The musical selection included songs as diverse as Chuck Berry’s “Johnny B. Goode” and a Navajo night chant. Some themes got more attention than others—there were two compositions by Beethoven, and three by Bach. While this squeezed out other options, Ferris hoped that the mathematical structure of classical music would be of use to an alien species. Other global contributions included a wedding song sung by a young girl from Huancavelica, Peru, and a traditional Australian Aboriginal folk song, Barnumbirr (Morning Star). There was even a recording of the brainwaves of Sagan’s collaborator Ann Druyan; the hope was that an advanced civilization might be able to read her brainwaves, and peer into the inner workings of the human mind.
Into the great beyond
At the time of writing, Voyager 1 is 14.8 billion miles (23.9 billion km) from Earth. Voyager 2 is only a little closer in, at 12.4 billion miles (19.9 billion kilometers). That’s far enough for their signals to take nearly a day to reach Earth. Both probes have by now entered interstellar space, passing beyond the point where the solar wind is counteracted by particles from other stars.
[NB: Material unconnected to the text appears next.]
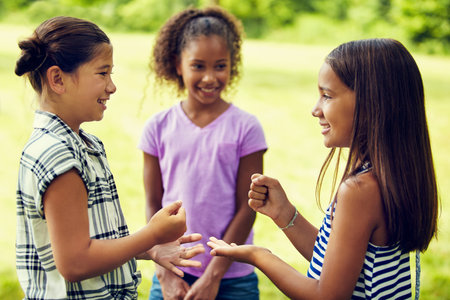 Rock, paper, scissors, who will win. adorable little girls playing rock, paper, scissors outdoors.の写真素材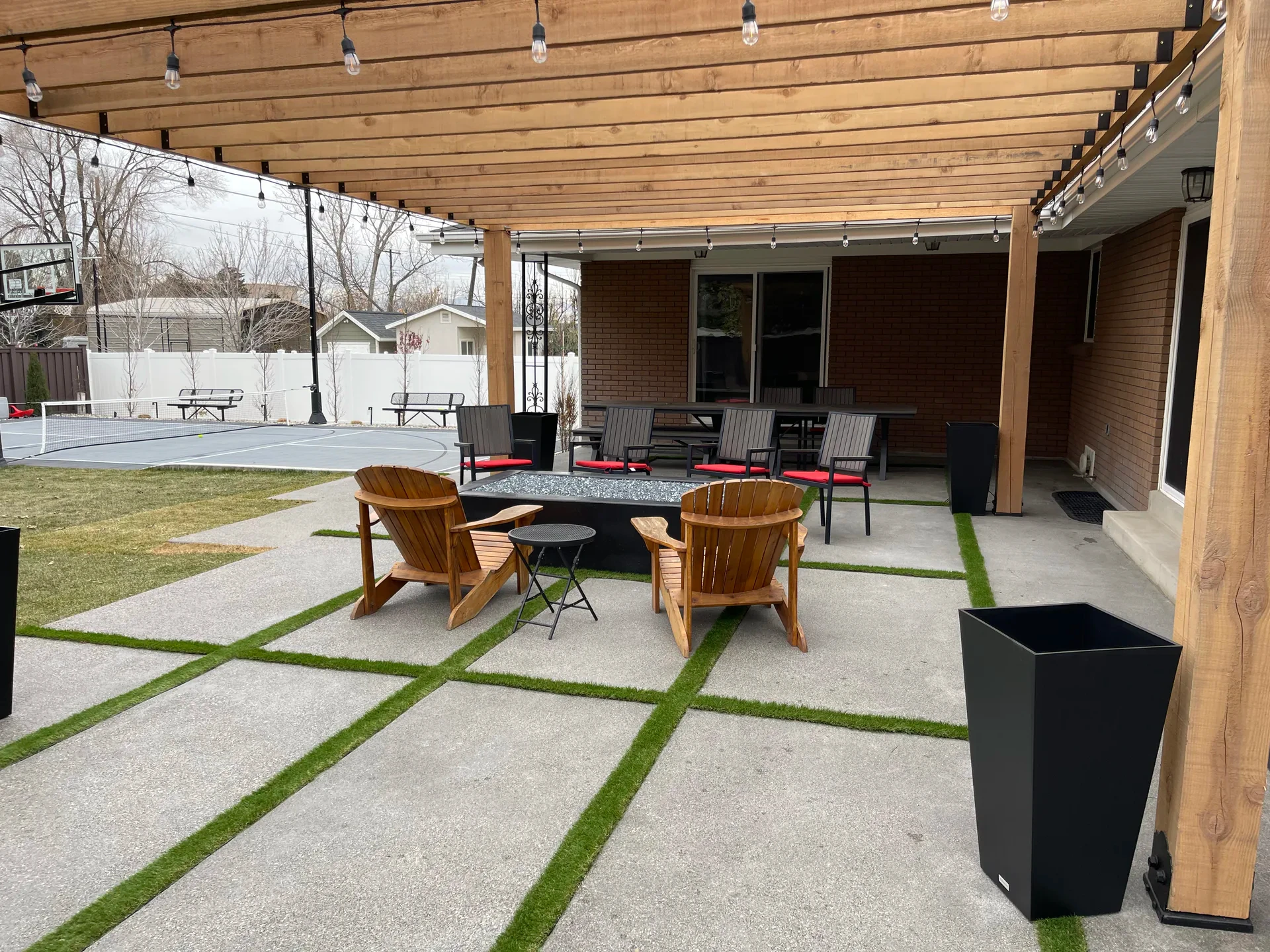 Open wood pergola over a custom concrete patio with turf joints and seating in Millcreek, Utah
That’s not to say that they’re heading anywhere fast, however. It will take tens of thousands of years for the Voyagers to reach any other stars, and even then they will pass at a few light-years’ distance. Looking further out into deep time, the picture isn’t much better—the probes will be slow, tiny, cold, and quiet, making them incredibly difficult for anyone to detect.
Nevertheless, each golden Voyager record is a time capsule in space. A message in a bottle, addressed to any other beings who might be sailing this vast, empty ocean, but also a portrait of a species entering its prime. What if that is the true value of the Golden Records, even if nobody ever finds them? Long after life on Earth has gone extinct, they will still be out there, preserving human faces and human voices, announcing to the universe: we were here!